President Felipe Calderon's National Action Party, or PAN, which lacks a majority in Congress, has been trying to convince the opposition in recent weeks to revamp energy laws to boost the sagging state-controlled oil industry.
But the PAN is giving up on a core part of its vision for turning around the sector: attracting foreign partners to technologically challenging but potentially huge deepwater oil fields by offering them a share in profits.
"Risk contracts are not in the equation," said PAN lawmaker Juan Bueno, who sits on the Senate energy committee.
Under Mexico's constitution, state monopoly Pemex has sole rights to explore for and produce Mexican oil, and left-wingers bitterly oppose allowing contracts that would have Pemex share risks and profits with outside companies.
Bueno said the PAN was considering a less-extreme proposal that would let Pemex form partnerships with other state-owned energy firms. "That is something we are studying," he said.

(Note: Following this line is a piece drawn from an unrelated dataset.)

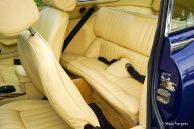 Jaguar E-type 4.2 FHC, 1969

He did not say what form such partnerships could take.
Pemex announced another fall in total oil reserves on Wednesday, showing that its fledgling deepwater drilling projects have so far not been able to confirm what seismic tests suggest could be some 30 billion barrels of oil under the Gulf of Mexico seabed in water several kilometers deep. Neither private nor state-run oil companies are expected to sign up for risky deepwater oil projects without contracts that would give them a share in profits.
Cabinet members and PAN lawmakers are meeting opposition legislators all this week to try and reach a consensus on a proposal that could be unveiled within two weeks.
PAN lawmakers said the proposal could also call for reducing state oil company Pemex's heavy tax load and giving the company more freedom to make business decisions.
Mexico is a top supplier of crude to the United States, but decades of underinvestment have left oil reserves and output waning and left Mexico importing 40 percent of its gasoline.
Bueno said the PAN proposal might also include opening up fuel storage and transport to more private investment.
Lawmakers for the centrist Institutional Revolutionary Party, or PRI, another key opposition bloc, plan to meet Calderon's energy minister next week to discuss the proposal, the party's leader in the lower house told reporters.
PAN lawmakers said the government wanted to seal a deal with the opposition before presenting its bill.
"That's where we're at. It wouldn't make sense to present a bill that was destined for failure," said Alonso Lizaola, a PAN lawmaker and secretary on the lower house energy committee.